L’irlanda commina una multa di 225 milioni di euro a WhatsApp per la violazione delle leggi UE sulla privacy. La Commissione per la protezione dei dati (DPC) irlandese è in gran parte responsabile del controllo dell’adesione alla carta dei diritti dei dati GDPR dell’UE. Il provvedimento si è reso necessario in seguito alla mancata comunicazione sulle modalità di utilizzo dei dati personali.
La dichiarazione di WhatsApp non si è fatta attendere (come prevedibile): “Non siamo d’accordo con la decisione odierna sulla trasparenza che abbiamo fornito alle persone nel 2018 e le sanzioni sono del tutto sproporzionate. Faremo appello contro questa decisione”: è il commento alla multa comminata dall’Irlanda di un portavoce di WhatsApp, che sottolinea come la piattaforma “si impegna a fornire un servizio sicuro e privato. Abbiamo lavorato per garantire che le informazioni fornite siano trasparenti e complete e continueremo a farlo”.
La questione del GDPR va affrontata, con decisione e pragmatismo non solo dai colossi come Facebook, ma da ogni operatore che conserva i dati sensibili o di interesse dei propri clienti o fornitori. E’ una questione che se gestita correttamente non comporta nessuna incidenza sul bilancio; al contrario se questo aspetto viene tralasciato c’è il rischio di generare grane inutili.
Ma diciamocela tutta, dietro quest’urgenza c’è un discorso complesso che va almeno accennato per comprendere quanto questo problema dei dati sia importante.
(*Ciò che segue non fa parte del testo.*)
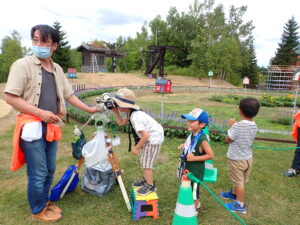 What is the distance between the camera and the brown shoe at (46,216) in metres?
2.65

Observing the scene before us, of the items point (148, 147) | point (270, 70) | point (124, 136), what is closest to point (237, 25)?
point (270, 70)

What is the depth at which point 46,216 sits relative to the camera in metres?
2.67

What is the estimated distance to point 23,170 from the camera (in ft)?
13.1

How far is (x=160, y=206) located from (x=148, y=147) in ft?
3.04

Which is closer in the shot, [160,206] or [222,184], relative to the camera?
[160,206]

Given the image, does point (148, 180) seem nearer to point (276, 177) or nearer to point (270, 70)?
point (276, 177)

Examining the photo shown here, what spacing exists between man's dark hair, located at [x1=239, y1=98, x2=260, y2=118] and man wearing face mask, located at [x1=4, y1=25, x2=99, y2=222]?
7.31ft

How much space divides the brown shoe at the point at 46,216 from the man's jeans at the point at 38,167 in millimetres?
54

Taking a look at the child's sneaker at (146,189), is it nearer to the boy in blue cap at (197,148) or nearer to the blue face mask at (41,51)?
the boy in blue cap at (197,148)

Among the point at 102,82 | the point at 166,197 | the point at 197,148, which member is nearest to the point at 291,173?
the point at 166,197

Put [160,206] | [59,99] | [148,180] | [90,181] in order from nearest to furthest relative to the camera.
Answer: [59,99], [148,180], [160,206], [90,181]

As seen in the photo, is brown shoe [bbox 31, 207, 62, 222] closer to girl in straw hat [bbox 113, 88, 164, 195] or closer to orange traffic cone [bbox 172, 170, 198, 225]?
girl in straw hat [bbox 113, 88, 164, 195]

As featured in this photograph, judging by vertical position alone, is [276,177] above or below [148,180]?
below

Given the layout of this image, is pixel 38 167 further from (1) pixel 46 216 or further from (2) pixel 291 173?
(2) pixel 291 173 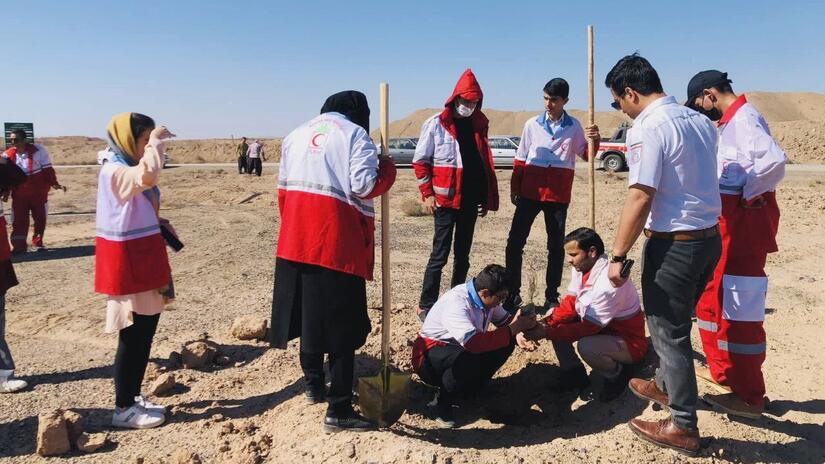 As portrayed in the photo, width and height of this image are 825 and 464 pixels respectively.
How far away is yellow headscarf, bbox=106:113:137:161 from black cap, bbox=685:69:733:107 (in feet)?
10.1

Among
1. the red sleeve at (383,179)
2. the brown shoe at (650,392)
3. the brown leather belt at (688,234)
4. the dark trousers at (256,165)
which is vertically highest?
the dark trousers at (256,165)

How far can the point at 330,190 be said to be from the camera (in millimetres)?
2980

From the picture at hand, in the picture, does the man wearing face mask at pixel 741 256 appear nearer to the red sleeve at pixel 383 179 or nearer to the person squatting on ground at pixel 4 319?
the red sleeve at pixel 383 179

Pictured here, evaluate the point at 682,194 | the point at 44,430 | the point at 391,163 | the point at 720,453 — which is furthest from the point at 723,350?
the point at 44,430

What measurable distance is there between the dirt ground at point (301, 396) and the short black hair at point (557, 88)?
1986mm

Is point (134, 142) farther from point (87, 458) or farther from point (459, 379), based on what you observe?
point (459, 379)

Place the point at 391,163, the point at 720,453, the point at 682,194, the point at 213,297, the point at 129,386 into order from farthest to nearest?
the point at 213,297, the point at 129,386, the point at 391,163, the point at 720,453, the point at 682,194

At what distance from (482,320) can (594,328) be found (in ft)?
2.44

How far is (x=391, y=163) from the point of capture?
125 inches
I dati personali sono diventati una merce, hanno un valore economico, al pari del petrolio o del coltan (tanto per rimanere in tema). Più aumenta il valore di questa merce, più aumentano le modalità di cattura e accumulazione di questa. Diventa di fondamentale importanza avere una corretta gestione dei dati e una efficace protezione di questi.
Meglio prevenire che curare è un detto che in questa circostanza trovo veramente perfetto.